Pourtant, plusieurs témoignages recueillis ces dernières semaines par Mediapart accréditent l’idée d’une sourde méfiance entre les deux têtes de l’exécutif. Car s'ils sont effectivement « collés » (selon un proche de Hollande) sur la même ligne politique, à la fois par conviction et par nécessité, Hollande et Valls continuent, au mitan du quinquennat et en prévision des échéances à venir, à se préoccuper de leur propre capital politique. Impopulaire, François Hollande tente de le ressusciter. Ancien “M. 5 %” de la primaire socialiste de 2011, Manuel Valls, lui, tente de le faire fructifier. La récente polémique sur l’assurance-chômage, premier exemple de vraie dissonance entre le chef de l’État et son premier ministre, est la face émergée de cette discrète guerre de position. 

Évidemment, le thème de la rivalité entre le chef de l’État et le premier ministre est un classique du genre, souvent monté en épingle par les commentateurs. La faute à cette fameuse « dyarchie de la Ve République », dont de nombreux conseillers ou ministres se plaignent (lire, par exemple, cet entretien avec Aurélie Filippetti). « Cette bizarrerie institutionnelle crée parfois du flottement, comme s’il y avait deux centres de décision. On se marche sur les pieds, c’est inévitable », déplore un conseiller à l'Élysée.

Parfois, les courts-circuits se transforment en querelles. Par exemple entre François Hollande et Jean-Marc Ayrault, à l’automne 2013 avec l’annonce d'une grande réforme fiscale aussitôt enterrée. Puis tout au long de l’hiver 2014, avant que l’ancien maire de Nantes ne soit débarqué au lendemain de la débâcle municipale fin mars

François Hollande et Manuel Valls, le 15 août, au fort de BrégançonFrançois Hollande et Manuel Valls, le 15 août, au fort de Brégançon © Reuters

Serait-ce déjà le cas avec Manuel Valls ? Il n’est pas question de conflit ouvert ou de grave dysfonctionnement. Valls est même loué pour sa capacité à faire « fonctionner la machine » de l’État (sous-entendu, mieux que Jean-Marc Ayrault), et le compliment vient de l’Élysée, comme d’anciens ministres qui lui sont hostiles. Il n’en reste pas moins qu’une sorte de méfiance semble s’être installée à la tête de l’État : Matignon s’inquiète de la gouvernance par SMS de François Hollande, de la solitude de sa gestion du pouvoir, et met en avant son ardeur réformatrice pour mieux exacerber le contraste avec l’Élysée ; au « Château », on s’interroge sur les intentions futures de Manuel Valls, dont la loyauté est mise en doute.

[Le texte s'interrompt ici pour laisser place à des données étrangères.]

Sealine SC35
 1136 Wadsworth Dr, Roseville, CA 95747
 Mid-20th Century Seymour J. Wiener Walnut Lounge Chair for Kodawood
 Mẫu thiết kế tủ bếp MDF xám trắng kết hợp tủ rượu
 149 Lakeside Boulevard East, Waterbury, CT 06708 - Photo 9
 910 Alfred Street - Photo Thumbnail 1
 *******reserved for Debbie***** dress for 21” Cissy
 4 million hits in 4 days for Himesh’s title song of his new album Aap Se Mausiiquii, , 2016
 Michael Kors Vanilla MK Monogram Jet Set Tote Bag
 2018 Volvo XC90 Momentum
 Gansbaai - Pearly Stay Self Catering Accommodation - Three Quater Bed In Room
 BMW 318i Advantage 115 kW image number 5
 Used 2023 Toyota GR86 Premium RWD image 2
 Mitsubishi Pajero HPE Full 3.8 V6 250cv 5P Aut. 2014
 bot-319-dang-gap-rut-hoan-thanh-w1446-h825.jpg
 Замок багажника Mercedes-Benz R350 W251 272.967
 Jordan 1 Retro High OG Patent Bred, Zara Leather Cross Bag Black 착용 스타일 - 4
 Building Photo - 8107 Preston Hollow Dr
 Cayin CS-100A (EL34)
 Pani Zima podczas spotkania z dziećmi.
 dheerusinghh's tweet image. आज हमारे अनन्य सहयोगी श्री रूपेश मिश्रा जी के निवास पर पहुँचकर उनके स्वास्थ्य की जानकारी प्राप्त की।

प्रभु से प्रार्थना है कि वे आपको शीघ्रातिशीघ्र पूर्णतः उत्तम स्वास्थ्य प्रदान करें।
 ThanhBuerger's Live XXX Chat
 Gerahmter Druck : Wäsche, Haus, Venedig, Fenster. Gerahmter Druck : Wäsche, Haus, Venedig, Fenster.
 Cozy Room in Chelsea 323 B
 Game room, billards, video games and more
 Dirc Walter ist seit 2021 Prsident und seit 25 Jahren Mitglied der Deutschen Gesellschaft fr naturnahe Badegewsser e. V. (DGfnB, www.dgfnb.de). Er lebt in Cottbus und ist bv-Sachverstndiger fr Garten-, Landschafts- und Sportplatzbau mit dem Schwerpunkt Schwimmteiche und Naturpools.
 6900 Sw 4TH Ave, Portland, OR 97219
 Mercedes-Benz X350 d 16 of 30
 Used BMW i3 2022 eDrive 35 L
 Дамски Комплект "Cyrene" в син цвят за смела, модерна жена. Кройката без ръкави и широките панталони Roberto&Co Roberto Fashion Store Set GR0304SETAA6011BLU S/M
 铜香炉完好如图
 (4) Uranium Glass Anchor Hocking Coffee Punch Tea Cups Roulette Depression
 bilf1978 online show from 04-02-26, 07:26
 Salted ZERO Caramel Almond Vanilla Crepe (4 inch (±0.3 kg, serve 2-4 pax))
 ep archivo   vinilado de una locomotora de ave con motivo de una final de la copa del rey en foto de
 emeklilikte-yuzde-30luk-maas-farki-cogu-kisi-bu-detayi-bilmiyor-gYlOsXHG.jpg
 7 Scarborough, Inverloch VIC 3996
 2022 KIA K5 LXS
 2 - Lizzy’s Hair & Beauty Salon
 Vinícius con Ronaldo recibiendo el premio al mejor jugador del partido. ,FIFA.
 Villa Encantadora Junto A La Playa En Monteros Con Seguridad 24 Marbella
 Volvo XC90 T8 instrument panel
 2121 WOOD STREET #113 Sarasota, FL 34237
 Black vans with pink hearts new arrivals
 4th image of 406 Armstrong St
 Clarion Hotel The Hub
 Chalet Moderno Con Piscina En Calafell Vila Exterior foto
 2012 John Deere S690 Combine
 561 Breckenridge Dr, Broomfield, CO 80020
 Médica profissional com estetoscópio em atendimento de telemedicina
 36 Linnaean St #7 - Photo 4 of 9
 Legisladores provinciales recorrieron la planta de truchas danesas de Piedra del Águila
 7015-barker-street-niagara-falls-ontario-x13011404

Jusque-là, l’attelage Hollande-Valls a déjoué les pronostics d’une cohabitation digne des années Mitterrand-Rocard. Les proches du premier ministre répètent qu’il est là « pour durer ». « L’idée de Valls, c’est d’aller jusqu’en 2017 », explique un de ses soutiens au gouvernement. « Manuel Valls ne trahira jamais, et l’avenir le prouvera », jure Luc Carvounas, sénateur PS et fidèle de Valls. «  Le modèle de Manuel Valls, c’est Clemenceau, pas Fouché (incarnation de la duplicité en politique - ndlr). Lui et le chef de l’État sont encordés », assure Thierry Mandon, secrétaire d’État à la réforme de l’État. 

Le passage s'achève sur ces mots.